As the Health Insurance landscape becomes more competitive by the day, you can expect a number of features to be strapped on to existing products to "enhance" them. One such feature that it fast becoming a standard part of Health Insurance plans is the "restoration benefit" feature. Put simply, the restoration benefit feature promises to restore your Sum Insured one in a policy year, if your existing Sum Insured has been depleted and you require hospitalization again. Sounds too good to be true, right? Alas - when it comes to the world of Financial Services, there are no free lunches, and things are not always quite what they seem to be. Remember, the very purpose of underwriting is to tilt the risk/reward balance in the favour of the insurer, so that they can turn a profit. So, is the restoration benefit feature a nugatory one or a genuine value add?
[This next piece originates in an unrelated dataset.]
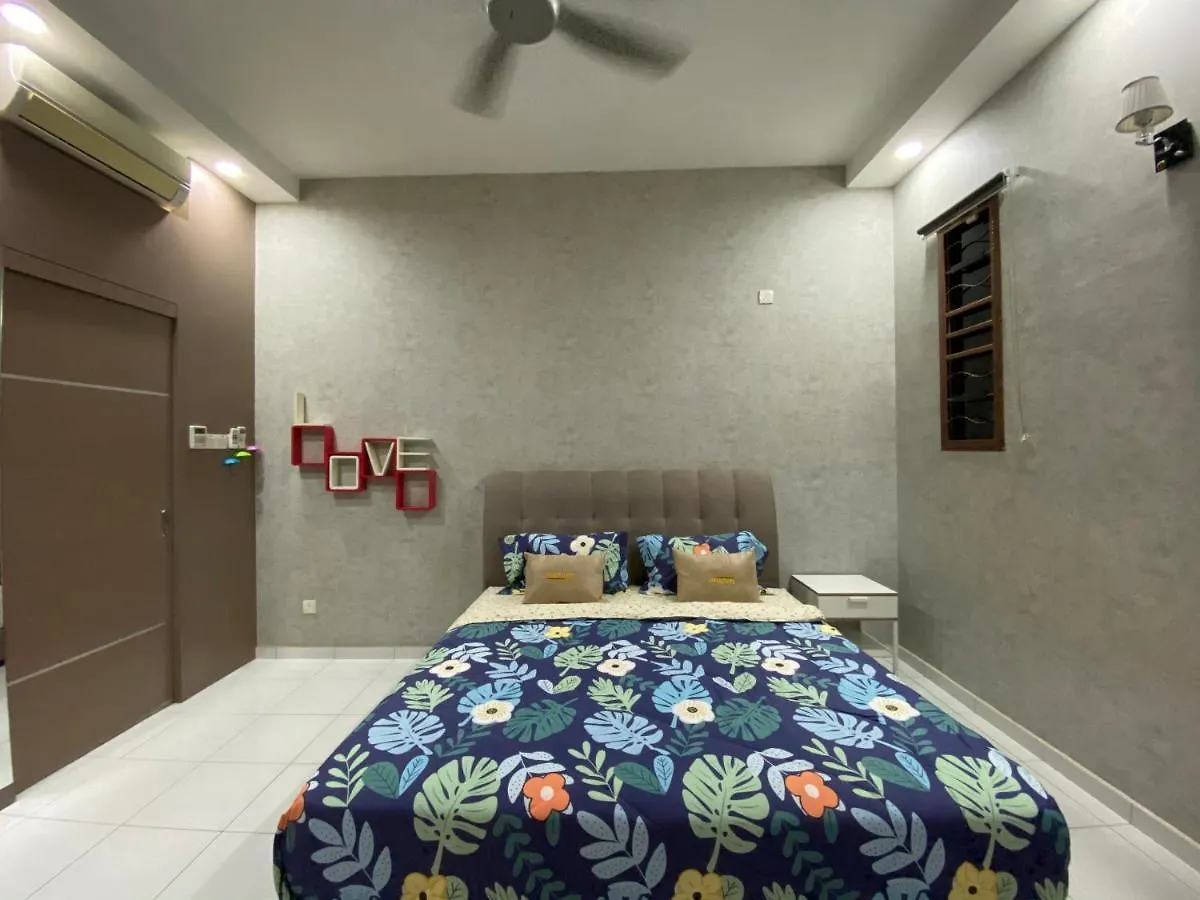 The Hiijo Haus Private Pool & Garden Villa Johor Bahru 0*,  Malaysia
Here are 4 things about the feature that can help you decide.
It increases your premium
The Health Insurance industry has drawn some flak off late for the opacity and unevenness of pricing involved. A policy with a Sum Insured of Rs. 10 Lakhs can cost the same person Rs. 17,000 from one insurer, and Rs. 34,000 from another! Resultantly, decision making becomes difficult. One of the thumb rules is this - the more features that have been strapped on to the policy, the higher it's premium vis-à-vis its peers. Though the exact quantum of increase in pricing attributable to the restoration benefit feature cannot be computed, it does stretch your premium amount - this is the cost an insured person bears for the additional risk being taken on by the insurer.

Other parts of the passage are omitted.